Saturday is currently trending around 34°C, with Sunday’s race day forecast nudging 38°C — the sort of ambient figure that can drag track temperatures into the 50s and turn a “hot” race into a straight-up physical test. Europe’s broader heatwave has already pushed several countries into record June territory, and there’s little in the outlook suggesting F1 will dodge it when it arrives in Spielberg.
Under Article B1.5.10 of the FIA F1 Regulations, the trigger is a Heat Index above 31.0°C at some point during the race. On that basis, the governing body confirmed the declaration in a formal note to teams.
This isn’t just the FIA being fussy about discomfort. The heat hazard framework exists because F1 got a very public reminder in Qatar 2023 of what happens when modern cars, heavy fuel loads and a flat-out race meet extreme conditions.
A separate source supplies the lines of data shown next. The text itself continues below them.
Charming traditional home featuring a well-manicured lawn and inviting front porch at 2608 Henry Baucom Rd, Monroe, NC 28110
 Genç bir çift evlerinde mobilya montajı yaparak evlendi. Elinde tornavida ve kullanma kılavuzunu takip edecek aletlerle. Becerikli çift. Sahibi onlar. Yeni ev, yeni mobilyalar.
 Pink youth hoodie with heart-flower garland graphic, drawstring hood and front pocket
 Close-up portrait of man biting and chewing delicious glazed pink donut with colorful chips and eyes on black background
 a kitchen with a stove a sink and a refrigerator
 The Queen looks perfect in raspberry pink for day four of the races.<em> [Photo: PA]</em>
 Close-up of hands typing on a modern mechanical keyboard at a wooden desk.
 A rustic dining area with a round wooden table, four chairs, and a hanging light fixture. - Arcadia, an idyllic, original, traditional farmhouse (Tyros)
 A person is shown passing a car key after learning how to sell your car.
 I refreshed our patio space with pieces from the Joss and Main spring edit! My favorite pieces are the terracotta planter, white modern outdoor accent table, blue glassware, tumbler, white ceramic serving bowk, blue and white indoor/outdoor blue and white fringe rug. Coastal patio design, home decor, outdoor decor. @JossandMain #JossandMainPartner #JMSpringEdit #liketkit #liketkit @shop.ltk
The sport responded by introducing the heat hazard regulation for 2025, effectively building a process to treat certain races more like a controlled safety risk than a gritty endurance badge.
Once a heat hazard is called, the knock-on effects are immediate and practical: teams must fit the additional driver cooling system hardware, and the minimum car weight is increased to accommodate it. That matters in a cost-cap era where every gram is fought over and packaging is already tight; it’s one thing to bolt on mandated equipment, another to do it without compromising a cooling layout, centre of gravity or cockpit ergonomics. In other words, the “heat hazard” label isn’t a sticker — it’s a setup and integration problem as well as a welfare one.
Yet the most interesting part of the rule is that it still leaves the final decision partly in the drivers’ hands.
F1’s regulations allow a driver to opt out of wearing the personal items that form part of the cooling system — typically the vest element — even when the hazard has been declared. Article 26.19 of the Sporting Regulations makes clear that if the driver chooses not to wear it, the rest of the system (including any cooling medium) still has to be fitted, and the cockpit must be ballasted to compensate for the difference in mass. The figure stipulated is 0.5kg.
That clause is doing two things at once: preserving freedom of choice while shutting down the competitive angle. There’s no “I’ll suffer more to go quicker” loophole here because the weight parity is enforced either way. What remains is the human side — how each driver responds to the sensation of the kit, how it affects movement in the cockpit, and whether the perceived benefits outweigh any trade-offs in comfort or focus.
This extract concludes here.